Even if they are not structurally identical, type-guards need a union in order to narrow the type on the else (essentially removing the member from the union). Samnple<T | U> is not a union. It is a generic type that happens to have a union as the type argument. Typescript will not attempt to do any narrowing in such cases:

interface SampleStru<T> {
    decision: boolean; // Has decision about the data type.
    value: T
}

class SampleClass {

    public isTtype(input: SampleStru<string | number>): input is SampleStru<number> {
        return typeof input.value === "number";
    }

    public sampleBug(data: SampleStru<string | number>) {

        if (this.isTtype(data)) {
            data.value // number
        } else {
            data.value //  string | number
        }
    }
}

You can think of data being typed on the este as Exclude<SampleStru<string | number>, SampleStru<number>> this will still SampleStru<string | number> .

So, am I correct in understanding that, in this case, SampleStru<T> | SampleStru<U> and SampleStru<T | U> are not the same?

I know that, for example, string[] | number[] is not equivalent to (string | number)[] since the later represents a mixed array.

@JAciv Exactly, they are not the same. (Assuming you actually use the type parameter, unlike your original code where you do not use it)

This narrows as expected:

interface SampleStru<T> {
    decision: boolean; // Has decision about the data type.
    value: T
}

class SampleClass<T, U>  {

    public isTtype(input: SampleStru<T> | SampleStru<U>): input is SampleStru<T> {
        return typeof input.value === "number";
    }

    public sampleBug(data: SampleStru<T> | SampleStru<U>) {

        if (this.isTtype(data)) {
            data.value // number
        } else {
            data.value //  string | number
        }
    }
}

Depending on what position a type parameter appears in, the different instantiations may relate co-variant or contra-variant way, and this has implications for assignability

interface SampleStru<T> {
    decision: boolean; // Has decision about the data type.
    value: T
}

// string extends string | number, T is in a covarinat position so co = Y
type co =  SampleStru<string> extends SampleStru<string | number> ? "Y": "N"
//but contra is "N"
type contra =  SampleStru2<string> extends SampleStru2<string | number> ? "Y": "N"
let a!:  SampleStru<string>;
let b!:  SampleStru<string | number>; 
a = b; /// not compatible
b = a; /// compatible


interface SampleStru2<T> {
    decision: boolean; // Has decision about the data type.
    value: (c:T) => void
}

// string extends string | number, T is in a contravariant position so co2 = N
type co2 =  SampleStru2<string> extends SampleStru2<string | number> ? "Y": "N"
// but o3 is "Y"
type contr2 =  SampleStru2<string | number> extends SampleStru2<string> ? "Y": "N"
let a2!:  SampleStru2<string>;
let b2!:  SampleStru2<string | number>;
a2 = b2; /// compatible
b2 = a2; /// not compatible

Side Note: An easy way to remember co vs contra variant is if the relationship is if the sub-type relationship is in the same direction for the type parameter and for the instantiation of the generic type.
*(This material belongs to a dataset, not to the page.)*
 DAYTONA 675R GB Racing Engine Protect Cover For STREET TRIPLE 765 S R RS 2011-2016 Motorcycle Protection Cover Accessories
If Cat is a subclass of Animal then if G<Cat> is a subtype of G<Animal> the they are covariant. If G<Animal> is a subtype of G<Cat> the they are contravariant.

@dragomirtitian

It is a generic type that happens to have a union as the type argument. Typescript will not attempt to do any narrowing in such cases:

Strictly speaking this is mostly right, but there are exceptions. A type guard will also _narrow by assertion_. This basically amounts to replacing the source type by a direct subtype, or by adding an intersection of the predicate type.
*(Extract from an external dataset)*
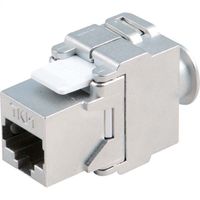 BACHMANN Keystone CAT6 STP Coupleur RJ45 / LSA 10GB, argent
In the case of a negated type guard, the source type will be filtered by all types assignable to the predicate type. In the OP, SampleStru<T | U> is assignable to SampleStru<U>, for reasons discussed, which means SampleStru<T | U> filters itself out and produces the never in the false branch.

This issue has been marked 'Working as Intended' and has seen no recent activity. It has been automatically closed for house-keeping purposes.